▶ [Task brief]: Could you retype the material, starting at its first line and ending with the line holding "TCUDCKI Portable USB", and keep the pictures out?

▶ [Data excerpt]:

'''

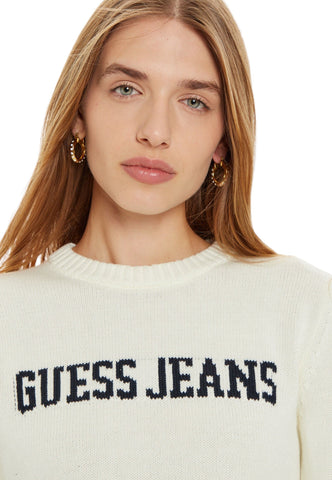 GUESS Maglia Scritta Donna Bianco Panna W4BR10Z3HM1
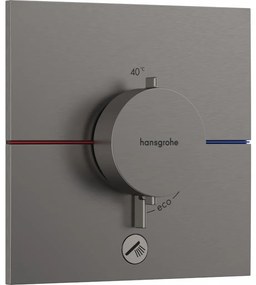 Hansgrohe ShowerSelect Comfort E - Termostat pod omietku pre 1 spotrebič a ďalší výtok, kartáčovaný čierny chróm 15575340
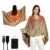 TCUDCKI Portable USB Heated Blanket Shawl 3 Levels Heating Faux Rabbit Fur 6 Heating Zones Heated Wrap Shawl for Office Camping Home 39″ x 63″ Dark Khaki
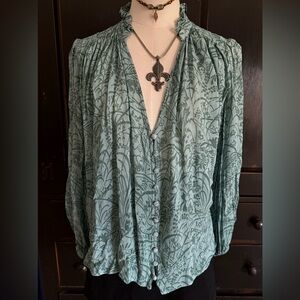 Anthropologie Light Teal Floral Button-Front Women's Blouse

'''

▶ [Answer to the problem]:
 GUESS Maglia Scritta Donna Bianco Panna W4BR10Z3HM1
 Hansgrohe ShowerSelect Comfort E - Termostat pod omietku pre 1 spotrebič a ďalší výtok, kartáčovaný čierny chróm 15575340
 TCUDCKI Portable USB Heated Blanket Shawl 3 Levels Heating Faux Rabbit Fur 6 Heating Zones Heated Wrap Shawl for Office Camping Home 39″ x 63″ Dark Khaki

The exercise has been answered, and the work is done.